BEGIN

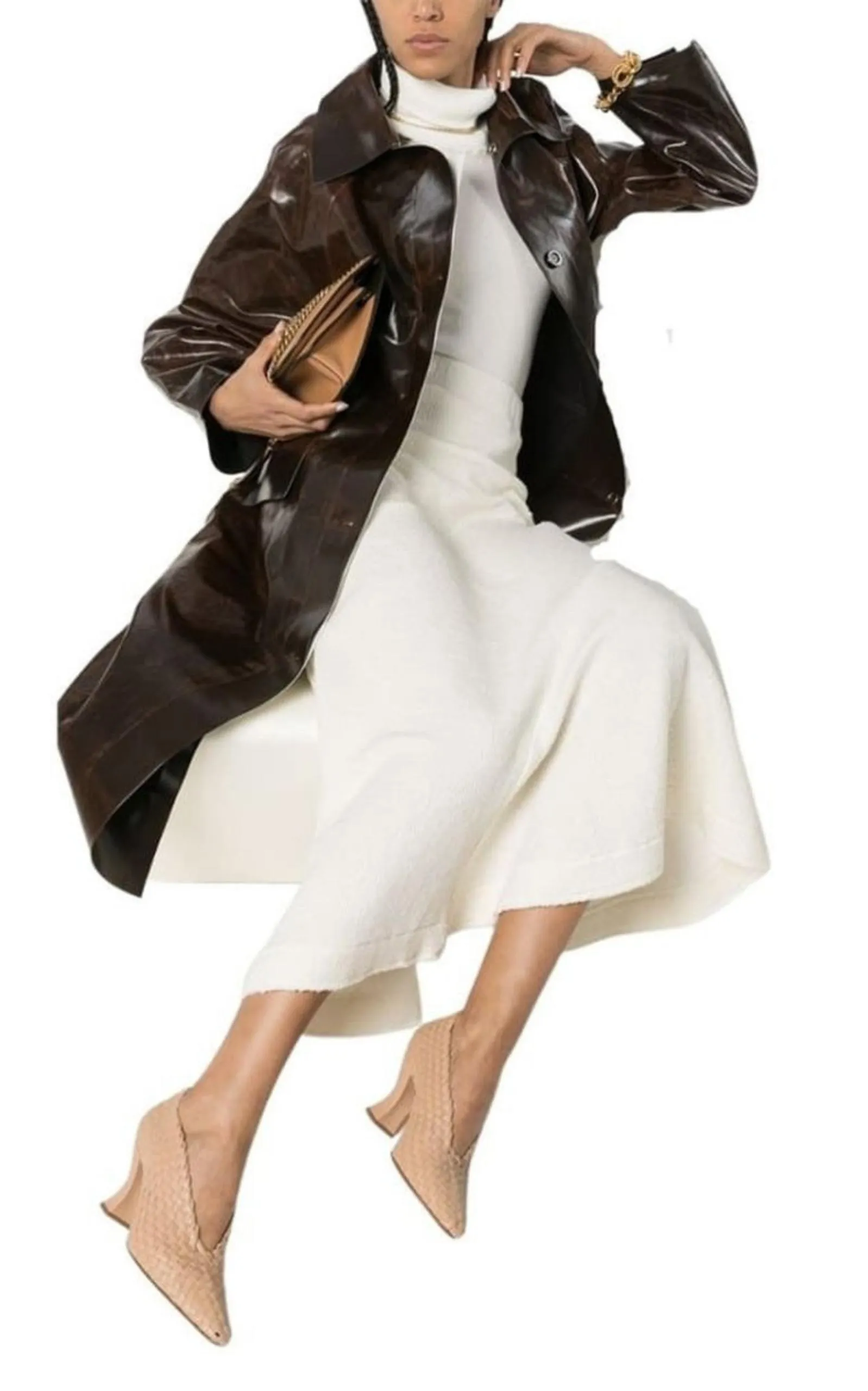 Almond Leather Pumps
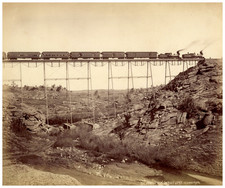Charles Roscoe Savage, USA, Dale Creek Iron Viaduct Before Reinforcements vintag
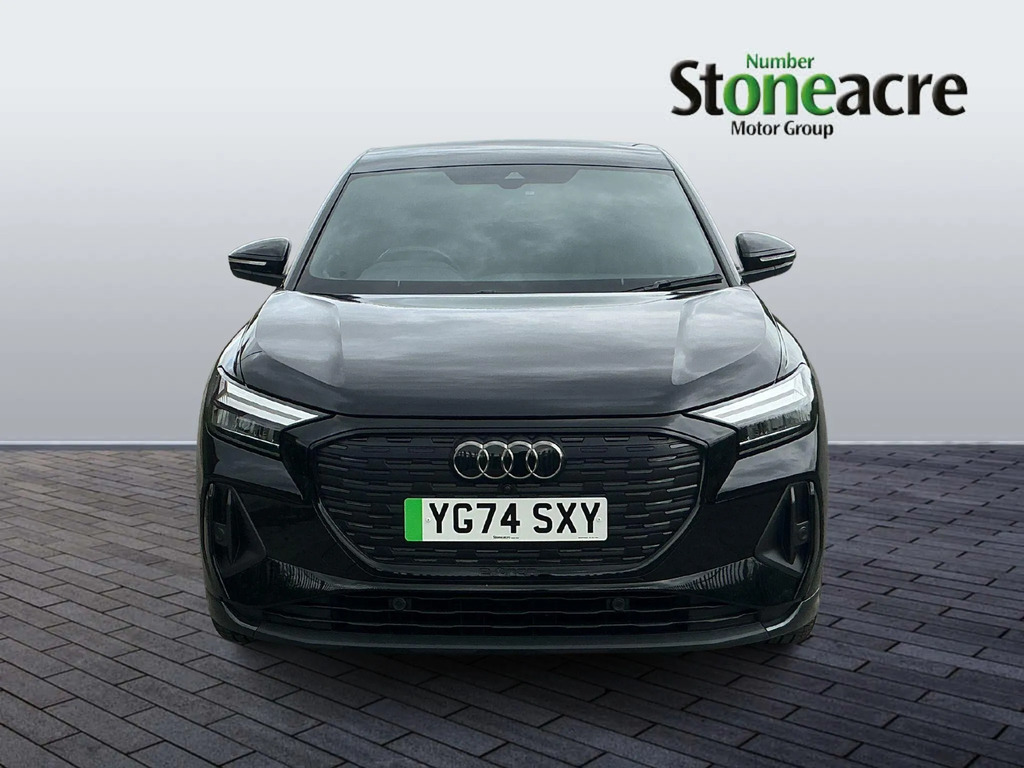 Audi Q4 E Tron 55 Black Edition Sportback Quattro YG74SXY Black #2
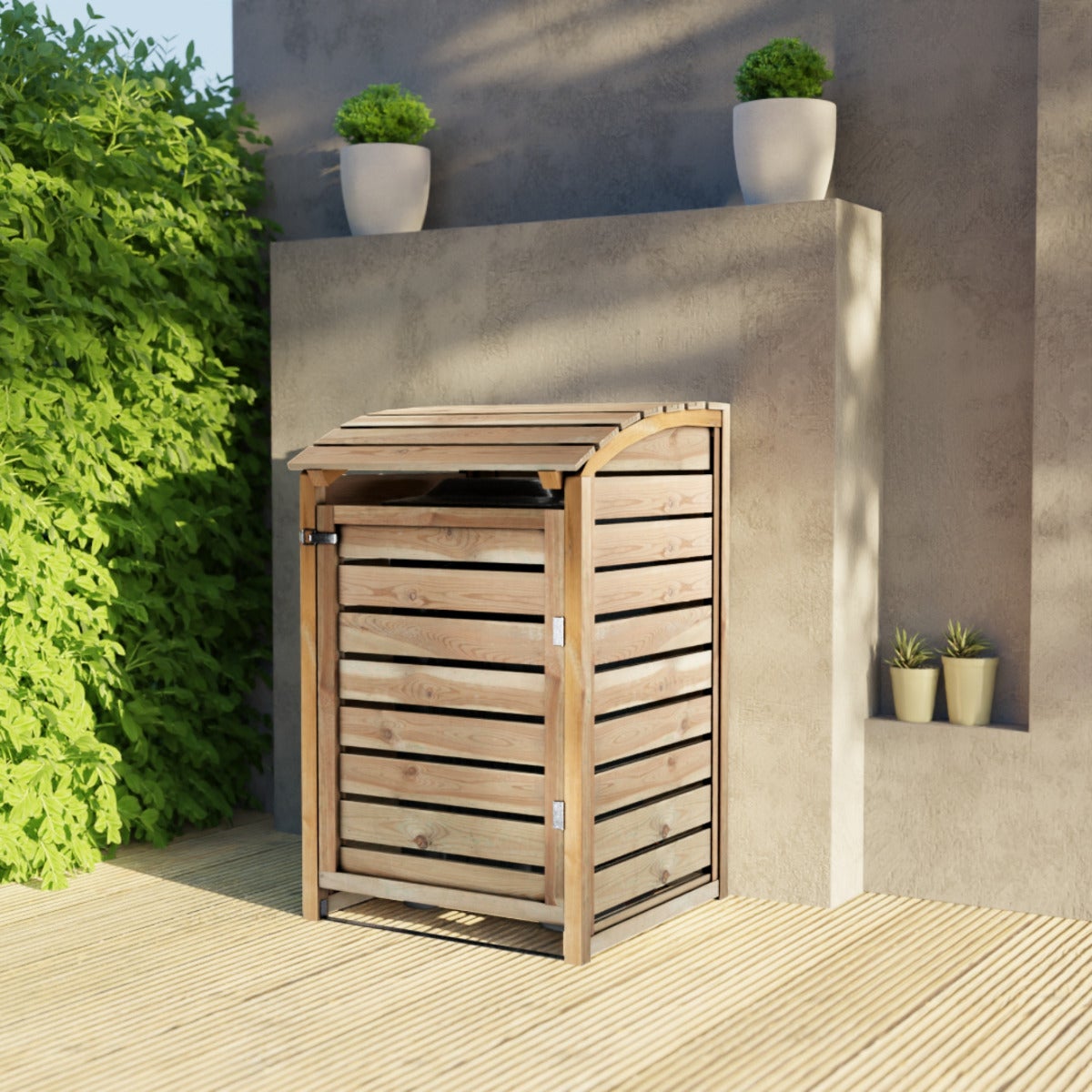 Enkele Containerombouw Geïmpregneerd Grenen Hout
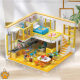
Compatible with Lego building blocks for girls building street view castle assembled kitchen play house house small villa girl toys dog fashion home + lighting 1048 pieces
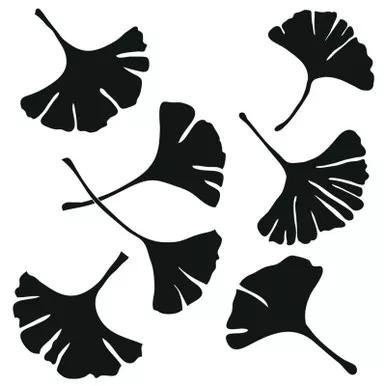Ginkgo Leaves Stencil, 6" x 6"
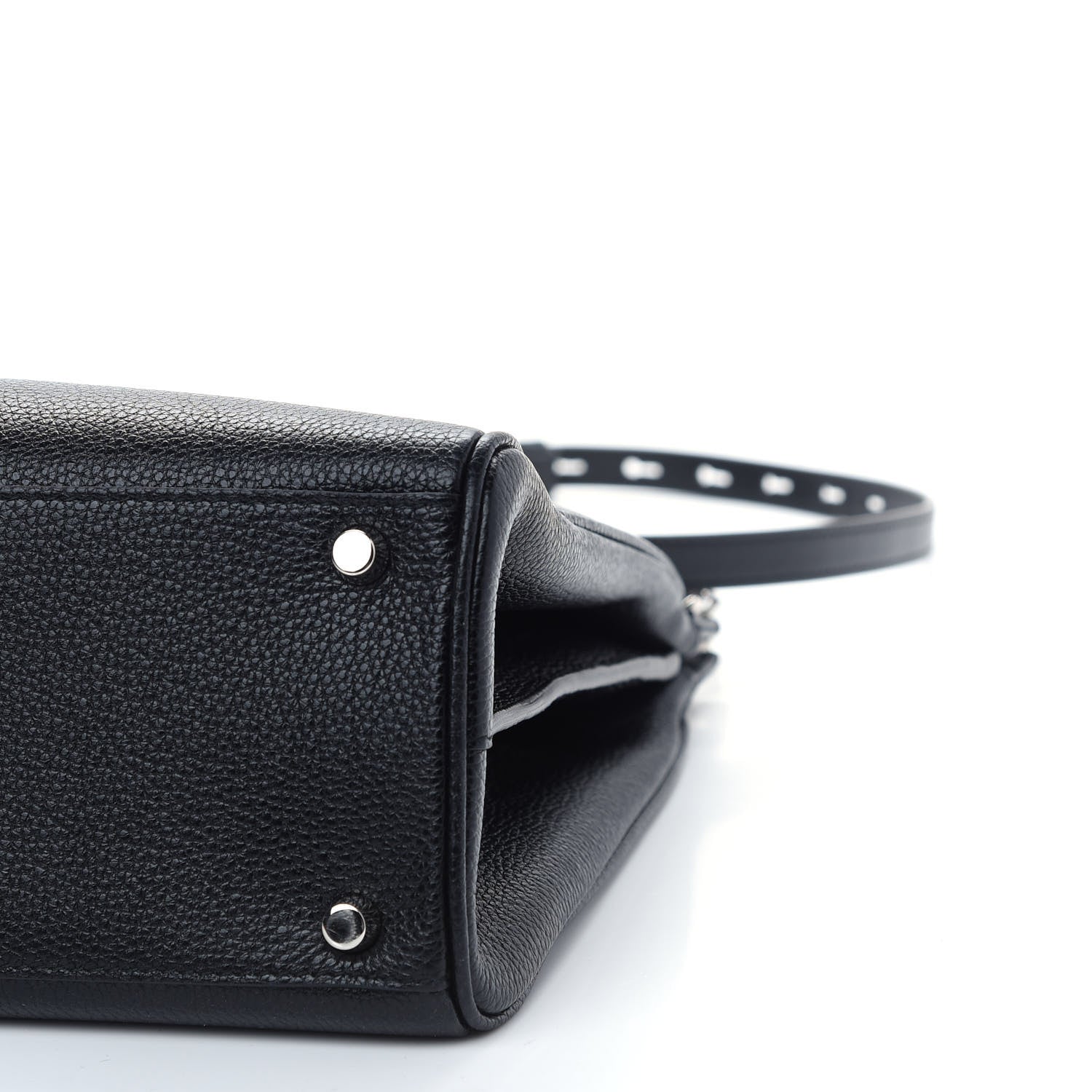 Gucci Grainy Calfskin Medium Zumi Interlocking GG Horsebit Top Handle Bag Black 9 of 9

END

■ What you should do
Repeat word for word only the lines from the line holding "Compatible with Lego" to the final line of the material, both included. Don't carry over any picture.

■ Exercise answer
Compatible with Lego building blocks for girls building street view castle assembled kitchen play house house small villa girl toys dog fashion home + lighting 1048 pieces
Ginkgo Leaves Stencil, 6" x 6"
 Gucci Grainy Calfskin Medium Zumi Interlocking GG Horsebit Top Handle Bag Black 9 of 9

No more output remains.